A Revisit to Effervescence-Assisted Microextraction of Non-Polar Organic Compounds Using Hydrophobic Magnetic Nanoparticles-Application to the Determination of UV Filters in Natural Waters

In this work, we revisited the method of effervescence-assisted microextraction, aiming to assess the effects of the process of effervescence on the extraction efficiency of organic compounds. We used a magnetic nano-sorbent material composed of stearic acid-coated cobalt-ferrite magnetic nanoparticles as an adsorbent and dispersed it in water using 12 combinations of acid and base mixtures at two different mass ratios. The solution pH, the ionic strength, and the duration of effervescence were calculated and correlated to the extraction efficiency of nonpolar UV filters from aqueous samples as model organic compounds. Our findings provide a general perspective into the influence of the process of effervescence on extraction efficiency. Based on these findings, we developed and optimized a new analytical method for extracting UV filters from water samples using HPLC-UV as a detector.
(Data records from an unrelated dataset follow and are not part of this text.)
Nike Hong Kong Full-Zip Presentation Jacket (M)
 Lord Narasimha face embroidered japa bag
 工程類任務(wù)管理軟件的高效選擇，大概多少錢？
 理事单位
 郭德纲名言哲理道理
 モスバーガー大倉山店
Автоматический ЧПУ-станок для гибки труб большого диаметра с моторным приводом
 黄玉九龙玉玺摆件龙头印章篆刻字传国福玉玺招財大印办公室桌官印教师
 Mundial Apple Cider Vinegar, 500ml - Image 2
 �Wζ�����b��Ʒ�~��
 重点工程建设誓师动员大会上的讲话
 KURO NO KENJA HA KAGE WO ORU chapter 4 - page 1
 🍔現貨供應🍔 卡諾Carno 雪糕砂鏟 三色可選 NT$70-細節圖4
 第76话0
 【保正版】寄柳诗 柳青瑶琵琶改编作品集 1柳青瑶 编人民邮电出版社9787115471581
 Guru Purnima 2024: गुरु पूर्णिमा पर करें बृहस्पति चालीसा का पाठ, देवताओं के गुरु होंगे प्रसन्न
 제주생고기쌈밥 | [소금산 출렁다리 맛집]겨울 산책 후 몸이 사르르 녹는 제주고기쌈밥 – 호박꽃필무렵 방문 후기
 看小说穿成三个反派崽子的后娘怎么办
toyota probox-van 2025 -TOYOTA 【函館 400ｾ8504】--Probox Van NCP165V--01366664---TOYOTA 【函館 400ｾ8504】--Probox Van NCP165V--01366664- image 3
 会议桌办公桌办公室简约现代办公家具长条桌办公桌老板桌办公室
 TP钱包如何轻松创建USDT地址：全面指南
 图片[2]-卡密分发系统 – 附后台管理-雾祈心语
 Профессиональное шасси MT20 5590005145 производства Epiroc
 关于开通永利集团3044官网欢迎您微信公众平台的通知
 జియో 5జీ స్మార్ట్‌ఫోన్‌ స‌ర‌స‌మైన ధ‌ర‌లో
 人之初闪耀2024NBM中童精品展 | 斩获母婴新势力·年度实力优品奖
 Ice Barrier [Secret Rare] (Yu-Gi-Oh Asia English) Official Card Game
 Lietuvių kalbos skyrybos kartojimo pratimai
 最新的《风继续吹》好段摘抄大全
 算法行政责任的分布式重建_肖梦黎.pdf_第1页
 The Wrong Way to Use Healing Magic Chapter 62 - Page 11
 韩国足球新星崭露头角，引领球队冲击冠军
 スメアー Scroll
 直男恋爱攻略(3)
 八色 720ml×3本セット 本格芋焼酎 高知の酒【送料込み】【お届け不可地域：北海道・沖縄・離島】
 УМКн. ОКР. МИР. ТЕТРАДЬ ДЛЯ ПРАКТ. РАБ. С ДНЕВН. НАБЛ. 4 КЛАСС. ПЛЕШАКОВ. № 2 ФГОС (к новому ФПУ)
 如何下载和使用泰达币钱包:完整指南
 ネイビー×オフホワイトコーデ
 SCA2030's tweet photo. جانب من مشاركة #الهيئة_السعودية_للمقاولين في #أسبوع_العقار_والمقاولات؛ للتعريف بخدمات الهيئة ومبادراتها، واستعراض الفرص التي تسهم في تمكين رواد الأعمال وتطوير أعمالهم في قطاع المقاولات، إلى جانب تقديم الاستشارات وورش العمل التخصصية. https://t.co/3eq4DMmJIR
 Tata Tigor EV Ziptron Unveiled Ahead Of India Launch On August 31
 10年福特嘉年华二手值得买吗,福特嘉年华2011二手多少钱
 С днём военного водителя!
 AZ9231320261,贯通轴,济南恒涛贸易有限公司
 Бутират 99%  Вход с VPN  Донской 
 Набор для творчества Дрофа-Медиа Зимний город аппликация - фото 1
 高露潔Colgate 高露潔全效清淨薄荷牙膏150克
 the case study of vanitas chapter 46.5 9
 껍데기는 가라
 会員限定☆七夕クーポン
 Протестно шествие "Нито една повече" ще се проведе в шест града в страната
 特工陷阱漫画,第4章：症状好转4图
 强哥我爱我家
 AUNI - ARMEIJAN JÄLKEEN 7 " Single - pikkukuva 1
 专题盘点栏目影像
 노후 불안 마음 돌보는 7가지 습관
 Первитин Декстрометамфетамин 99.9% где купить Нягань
Under the optimum experimental conditions (0.2 g fumaric acid/0.1 g Na2CO3, 50 mg of magnetic nanoparticles and methanol as an elution solvent assisted by vortex agitation for 5 min) the method was found to afford good linearity in the calibration curves expanding by two orders of magnitude, satisfactory reproducibility and repeatability (1.8-11.1%), and high recoveries (78.4-127.1%). This research provides a new perspective on the influence of the process of effervescence on the extraction efficiency of nonpolar organic compounds and introduces a new method for extracting UV filters from aqueous media.